*LISTED RECORDS:*

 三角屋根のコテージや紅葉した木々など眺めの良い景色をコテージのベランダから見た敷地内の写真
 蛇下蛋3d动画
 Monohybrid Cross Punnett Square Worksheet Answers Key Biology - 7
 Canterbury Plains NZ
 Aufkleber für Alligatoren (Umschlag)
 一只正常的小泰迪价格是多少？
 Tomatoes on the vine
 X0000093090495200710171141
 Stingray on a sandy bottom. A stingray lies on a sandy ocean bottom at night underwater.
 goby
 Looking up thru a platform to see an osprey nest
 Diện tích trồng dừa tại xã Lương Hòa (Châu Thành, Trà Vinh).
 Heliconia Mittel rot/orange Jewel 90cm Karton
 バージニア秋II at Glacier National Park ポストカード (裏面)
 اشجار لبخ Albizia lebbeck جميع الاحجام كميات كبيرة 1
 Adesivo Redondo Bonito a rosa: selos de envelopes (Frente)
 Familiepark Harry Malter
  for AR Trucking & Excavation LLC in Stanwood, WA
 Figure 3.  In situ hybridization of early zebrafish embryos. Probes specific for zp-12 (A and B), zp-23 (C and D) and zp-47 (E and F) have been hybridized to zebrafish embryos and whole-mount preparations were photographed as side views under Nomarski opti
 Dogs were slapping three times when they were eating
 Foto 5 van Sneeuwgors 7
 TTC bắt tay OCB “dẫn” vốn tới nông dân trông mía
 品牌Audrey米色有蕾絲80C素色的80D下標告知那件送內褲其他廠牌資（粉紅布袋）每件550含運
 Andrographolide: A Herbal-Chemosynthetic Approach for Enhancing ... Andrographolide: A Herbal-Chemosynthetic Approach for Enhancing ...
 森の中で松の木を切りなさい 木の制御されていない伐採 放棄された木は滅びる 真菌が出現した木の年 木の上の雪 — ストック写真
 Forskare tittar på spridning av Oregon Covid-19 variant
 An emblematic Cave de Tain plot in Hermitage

*WHAT IS NEEDED:*
Each record above is to be written out again exactly.

*TASK RESPONSE:*
 三角屋根のコテージや紅葉した木々など眺めの良い景色をコテージのベランダから見た敷地内の写真
 蛇下蛋3d动画
 Monohybrid Cross Punnett Square Worksheet Answers Key Biology - 7
 Canterbury Plains NZ
 Aufkleber für Alligatoren (Umschlag)
 一只正常的小泰迪价格是多少？
 Tomatoes on the vine
 X0000093090495200710171141
 Stingray on a sandy bottom. A stingray lies on a sandy ocean bottom at night underwater.
 goby
 Looking up thru a platform to see an osprey nest
 Diện tích trồng dừa tại xã Lương Hòa (Châu Thành, Trà Vinh).
 Heliconia Mittel rot/orange Jewel 90cm Karton
 バージニア秋II at Glacier National Park ポストカード (裏面)
 اشجار لبخ Albizia lebbeck جميع الاحجام كميات كبيرة 1
 Adesivo Redondo Bonito a rosa: selos de envelopes (Frente)
 Familiepark Harry Malter
  for AR Trucking & Excavation LLC in Stanwood, WA
 Figure 3.  In situ hybridization of early zebrafish embryos. Probes specific for zp-12 (A and B), zp-23 (C and D) and zp-47 (E and F) have been hybridized to zebrafish embryos and whole-mount preparations were photographed as side views under Nomarski opti
 Dogs were slapping three times when they were eating
 Foto 5 van Sneeuwgors 7
 TTC bắt tay OCB “dẫn” vốn tới nông dân trông mía
 品牌Audrey米色有蕾絲80C素色的80D下標告知那件送內褲其他廠牌資（粉紅布袋）每件550含運
 Andrographolide: A Herbal-Chemosynthetic Approach for Enhancing ... Andrographolide: A Herbal-Chemosynthetic Approach for Enhancing ...
 森の中で松の木を切りなさい 木の制御されていない伐採 放棄された木は滅びる 真菌が出現した木の年 木の上の雪 — ストック写真
 Forskare tittar på spridning av Oregon Covid-19 variant
 An emblematic Cave de Tain plot in Hermitage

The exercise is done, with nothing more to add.